Step 1

Green theorem (Outward flux):

\(\displaystyle\oint_{{C}}{F}.{n}{d}{s}=\int\int_{{R}}{\left(\frac{{\partial{M}}}{{\partial{x}}}+\frac{{\partial{N}}}{{\partial{y}}}\right)}{d}{x}{\left.{d}{y}\right.}\)

Green's theorem (circulation form):

\(\displaystyle\oint_{{C}}{F}.{d}{r}=\int\int_{{R}}{\left(\frac{{\partial{N}}}{{\partial{x}}}-\frac{{\partial{M}}}{{\partial{y}}}\right)}{d}{x}{\left.{d}{y}\right.}\)

Step 2

Given that,

\(F=(x−y)i+(y−x)j\)

Step 3

Evaluate

Outward flux:

\(\displaystyle\oint_{{C}}{F}.{n}{d}{s}=\int\int_{{R}}{\left(\frac{{\partial{M}}}{{\partial{x}}}+\frac{{\partial{N}}}{{\partial{y}}}\right)}{d}{x}{\left.{d}{y}\right.}\)
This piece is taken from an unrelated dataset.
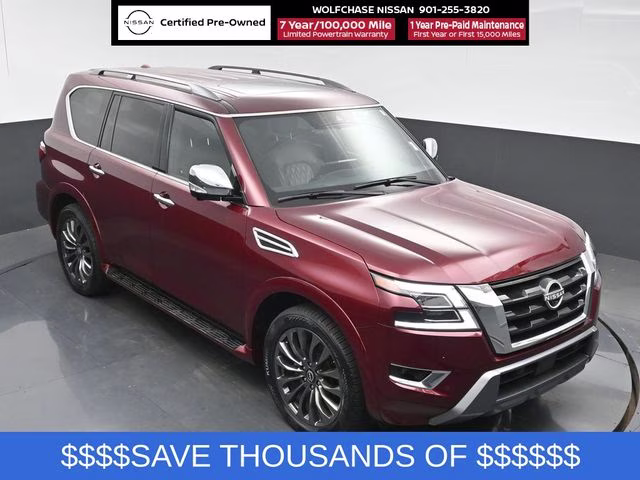 2024 Coulis Red Pearl Nissan Armada Platinum 4X4 SUV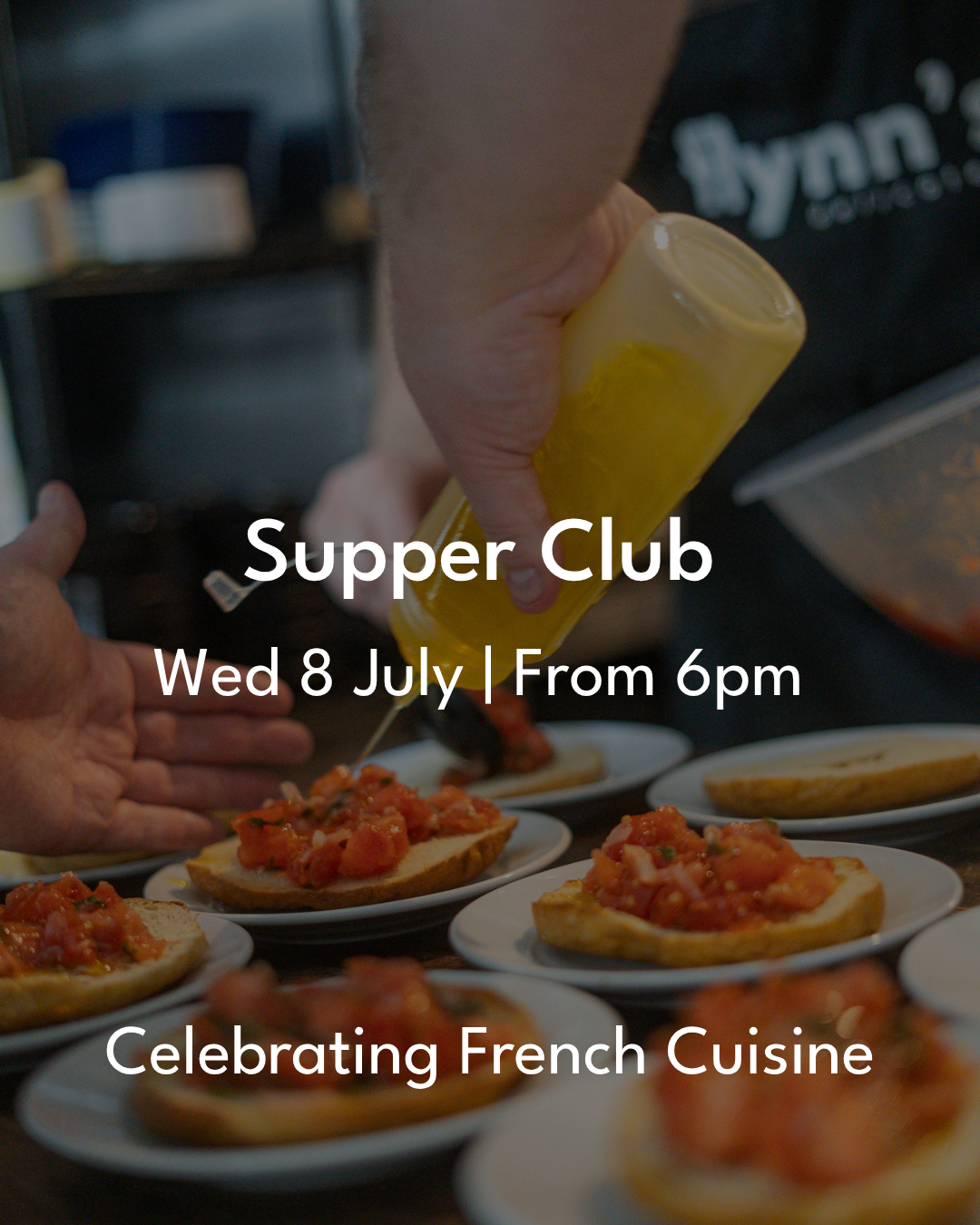 EVENT: Supper Club July ‘26, 8th July 6pm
\(\displaystyle={\int_{{0}}^{{1}}}{\int_{{0}}^{{1}}}{\left(\frac{\partial}{{\partial{x}}}{\left({x}-{y}\right)}+\frac{\partial}{{\partial{y}}}{\left({y}-{x}\right)}\right)}{d}{x}{\left.{d}{y}\right.}\)

\(\displaystyle={\int_{{0}}^{{1}}}{\int_{{0}}^{{1}}}{\left({1}+{1}\right)}{d}{x}{\left.{d}{y}\right.}\)
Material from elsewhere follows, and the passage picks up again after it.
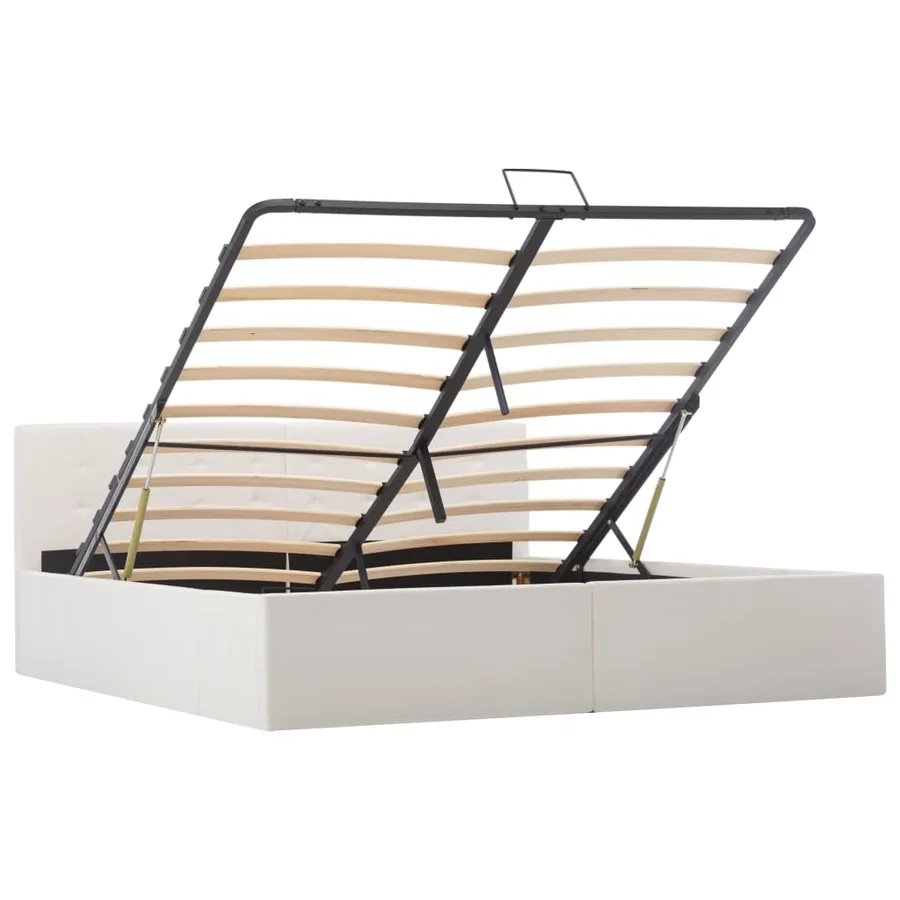 Cadre de lit avec rangement hydraulique Similicuir 160x200 cm - 2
\(\displaystyle={2}{\int_{{0}}^{{1}}}{\left.{d}{x}\right.}{\int_{{0}}^{{1}}}{\left.{d}{y}\right.}\)

\(\displaystyle={2}{{\left({x}\right)}_{{0}}^{{1}}}{{\left({y}\right)}_{{0}}^{{1}}}\)

\(=2\)

Hence outward flux is 2.

Step 4

Evaluate

Counterclockwise Circulation:

\(\displaystyle\oint_{{C}}{F}.{d}{r}=\int\int_{{R}}{\left(\frac{{\partial{N}}}{{\partial{x}}}-\frac{{\partial{M}}}{{\partial{y}}}\right)}{d}{x}{\left.{d}{y}\right.}\)
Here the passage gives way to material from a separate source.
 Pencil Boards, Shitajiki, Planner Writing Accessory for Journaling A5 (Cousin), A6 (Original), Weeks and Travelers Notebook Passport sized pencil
\(\displaystyle={\int_{{0}}^{{1}}}{\int_{{0}}^{{1}}}{\left(\frac{\partial}{{\partial{x}}}{\left({y}-{x}\right)}-\frac{\partial}{{\partial{y}}}{\left({x}-{y}\right)}\right)}{d}{x}{\left.{d}{y}\right.}\)

\(\displaystyle={\int_{{0}}^{{1}}}{\int_{{0}}^{{1}}}{\left(-{1}+{1}\right)}{d}{x}{\left.{d}{y}\right.}\)

\(=0\)

Hence Counterclockwise Circulation: is 0.